The president particularly acknowledged her work as his top adviser during the formation of the Consumer Financial Protection Bureau. His comments echoed her own campaign themes that attempt to portray the candidate as the one best suited to fight for the middle class.
"Nobody fought harder for Wall Street reform, the reform that is now law and protecting consumers all across the country, than Elizabeth," Obama said. "She has been a fierce advocate since before I knew her for the middle class, and she has been advocating on core issues that matter to families her entire career."
For her part, Warren spent a large chunk of her introduction attacking Obama's opponent, Mitt Romney, taking aim at his controversial 2011 remark that "corporations are people, too."

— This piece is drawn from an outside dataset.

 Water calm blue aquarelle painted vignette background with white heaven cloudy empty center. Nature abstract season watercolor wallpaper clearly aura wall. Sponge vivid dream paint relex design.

Romney's comment came at the Iowa State Fair while he was defending big business against large tax hikes, adding that "Everything a corporation earns ultimately goes to people."
Warren, however, staunchly disagreed.
"No, Mitt. Corporations are not people," she said, repeating a line she frequently uses on the campaign trail. "People have hearts. They have kids. They get jobs. They get sick. They love and they cry and they dance. They live and they die. Learn the difference."
She continued: "And Mitt, learn this, we don't run this country for corporations. We run it for people."
Warren said the presidential election would be a "hard fight" but that she would give Obama her full support.
"I'm here tonight to say, Mr. President. I stand with you," she said, rallying the crowd as Obama prepared to walk on stage.
In a traditionally blue state like Massachusetts, Obama's accolades can go far for a politician. Even Brown, himself, has not entirely kept his distance from the president. As he campaigns on a theme of bipartisanship, Brown appeared with Obama in the April signing of a bill that he co-authored in the Senate.
Brown first took the seat in a 2010 special election to fill the late Sen. Ted Kennedy. Both he and Warren have been statistically tied in polls this year, signaling what many expect to be one of, if not the, most contested Senate races of the year.